Tajikistan: health system review 2025
Health Systems in Transition, Vol. 27 No. 1
Overview
This analysis of the Tajik health system reviews developments in its organization, governance, financing, provision of services, health reforms and overall health system performance.
Health system governance is centralized and most health services are provided by the public sector
Health system governance and administration is mostly centralized, being controlled by the national government and managed by the Ministry of Health and Social Protection. The Ministry of Health and Social Protection runs national level health services, while local authorities administer most oblast, city/rayon and peripheral health services. The public sector continues to be the main provider of health services, although there is a small but growing private sector.
Health financing relies largely on private out-of-pocket spending
Public spending as a share of current health expenditure is one of the lowest in the region, amounting to only 1.9% of GDP in 2021 according to internationally comparable data. Tajikistan’s spending on health in absolute terms, at US$ 351 per capita in 2021 (adjusted for purchasing power), was the second lowest in the WHO European Region.
Out-of-pocket (OOP) payments from patients (both formal and informal) continue to dominate health spending and amounted to 63.5% of current health expenditure in 2021. Challenges connected to this reliance on patient payments include barriers to accessing services, poor financial protection, and high rates of catastrophic and impoverishing health spending.
There are challenges related to the health infrastructure and the health workforce
Tajikistan has made sustained efforts to reduce the excessive number of hospital beds that existed in the 1990s. The ratio of acute hospital beds to population has fallen during the past two decades, although it is still high compared to other European countries, particularly in view of the country’s young age structure and limited financial resources.
The number of health workers per population has fallen since the 1990s, partly due to high rates of outward migration. In 2008–2018, the absolute number of doctors increased but, due to Tajikistan’s growing population, per capita rates remain lower than either the WHO regional average or those of neighbouring countries. Health workers are concentrated in the capital, Dushanbe.
Health service provision is poorly integrated and primary care is underdeveloped
The provision of health services in Tajikistan is organized according to the country’s administrative tiers and differs in urban and rural areas. In rural areas, primary care is delivered through health houses, rural health centres and rural hospitals. In urban and semi-urban areas, primary and secondary care is delivered by rayon and city health centres (replacing the former polyclinics), basic secondary care by central rayon or city hospitals, specialized secondary care by oblast hospitals, and more complex care by national hospitals.

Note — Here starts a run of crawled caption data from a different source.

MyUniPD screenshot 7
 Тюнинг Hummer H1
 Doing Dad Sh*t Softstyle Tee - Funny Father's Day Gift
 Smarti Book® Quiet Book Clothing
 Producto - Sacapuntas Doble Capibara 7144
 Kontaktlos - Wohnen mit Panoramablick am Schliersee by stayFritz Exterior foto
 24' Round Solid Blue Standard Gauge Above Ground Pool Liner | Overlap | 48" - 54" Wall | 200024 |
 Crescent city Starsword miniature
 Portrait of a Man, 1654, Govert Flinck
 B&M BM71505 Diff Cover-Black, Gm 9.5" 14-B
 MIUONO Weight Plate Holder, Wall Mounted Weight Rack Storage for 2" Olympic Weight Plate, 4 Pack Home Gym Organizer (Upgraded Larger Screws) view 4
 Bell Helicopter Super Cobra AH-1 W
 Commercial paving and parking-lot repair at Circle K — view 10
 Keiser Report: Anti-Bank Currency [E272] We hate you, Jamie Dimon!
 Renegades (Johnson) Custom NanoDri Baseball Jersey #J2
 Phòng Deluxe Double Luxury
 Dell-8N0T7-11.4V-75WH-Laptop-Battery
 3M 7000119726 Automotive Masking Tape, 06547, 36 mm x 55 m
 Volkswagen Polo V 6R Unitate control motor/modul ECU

A broad national health strategy has been adopted
The latest National Health Strategy, covering 2021–2030, has established strategic priorities for health system development, many of which involve reforms to existing legislation or practices. Key reform areas include governance, sustainable financing, health workforce strengthening, IT development, and health service quality and accessibility.
The performance of Tajikistan’s health system is hindered by underdeveloped financial protection, poor quality of care, and allocative and technical inefficiencies
The main barrier to accessing health services remains high levels of formal (and informal) OOP payments by patients. Quality of care is another major challenge, affected by factors such as insufficient training, lack of evidence-based clinical guidelines, underuse of generic drugs, outdated facilities and equipment, and perverse financial incentives for physicians. Most health funding from both public and private sources still goes towards inpatient care, leading to limited resources for primary care and poor allocative efficiency. Technical efficiency continues to be hindered by a continued reliance on input-based budgeting. There is no real mechanism for the pooling of funds and no centralized purchasing of services or pharmaceuticals.